PDA

View Full Version : Aerosol Spray Can Nozzles



paulgrandy
07-21-2006, 10:48 AM
Anybody know who makes a decent aerosol spray paint can(nozzle)? Years ago I found one that I used to do some touchup on my car. It wasn't like the typical nozzle. It had like a horizontal slot cut in it. I didn't get all the overspray of the typical can of spray paint. Seems like all the cans I try are about the same. Rustoleum, Krylon, etc., etc. Seems like someone would make some that mimics the variable nozzles on the HVLP's. I got a HVLP, but all I'm painting is small sections of square tubing, it's just easier to use a spray can and throw it away when I'm done. HVLP is not worth the hassel of cleanup. If I can find one good nozzle again that has a tight spray pattern I'd just buy a can of the paint for the nozzle.
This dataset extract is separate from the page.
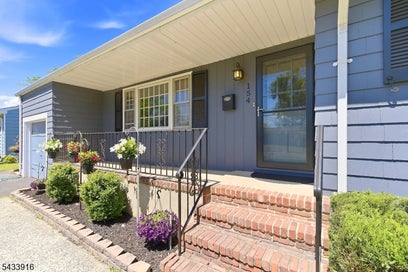 154 Mulberry Ln Middlesex Boro NJ 08846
Seems like most of the spray cans contents usually end up on the paper under whatever I'm painting. If I get too close the stuff runs. I even tried the little trigger thing that snaps onto the can. Easier on the finger, but doesn't do anything for the overspray.

Evan
07-21-2006, 11:07 AM
The propellant these days is propane. Propane varies pressure in direct relation to temperature, about 1 psi per degree F. If the can is spraying too fine a mist try cooling it under water or stick it in the fridge for a while to lower the pressure. Unfortunately, there is no standard for the nozzles or how they fit on the can. In many cases different brands use different nozzles so you can't swap them.

topct
07-21-2006, 02:56 PM
There are no standards for those nozzles as Evan said.
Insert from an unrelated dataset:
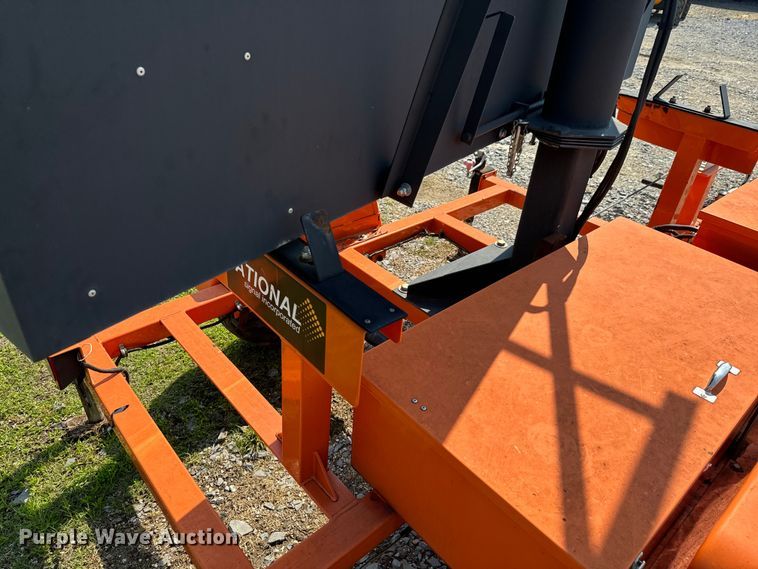 image for item DX0536 2018 National Signal SunRay message board trailer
But you can get better nozzles on the better cans of paint.

I've been using some spray paint from the hobby shop. Hangar 9 Ultracote. It has a tiny moveable nozzle to turn the fan pattern.

CCWKen
07-21-2006, 06:15 PM
Duplicolor also uses the fan spray nozzle on some of their cans. The ones that don't still spray very well. By the way, they don't have "slits" in the nozzle. It's just an air pattern diverter that looks like a slit. I have pretty good luck with rattle cans that are hot. Hot as in 90+. If you get the pressure too low (cold) the paint tends to splatter. You WANT paint to be atomized to fine droplets. The finer the better for the best paint job.

That's why most auto painters with HVLP guns run the pressure a little higher than suggested. ;) Over spray is inherent with any paint spray device. The only way around it is to use a brush. :D

paulgrandy
07-22-2006, 07:15 AM
Duplicolor also uses the fan spray nozzle on some of their cans. The ones that don't still spray very well. By the way, they don't have "slits" in the nozzle. It's just an air pattern diverter that looks like a slit. I have pretty good luck with rattle cans that are hot. Hot as in 90+. If you get the pressure too low (cold) the paint tends to splatter. You WANT paint to be atomized to fine droplets. The finer the better for the best paint job.

That's why most auto painters with HVLP guns run the pressure a little higher than suggested. ;) Over spray is inherent with any paint spray device. The only way around it is to use a brush. :D


Duplicolor....That's the name I forgot. All I remembered is that it came in little 4 oz cans. I'll have to check out that Hangar 9 Ultracote also. Thanks.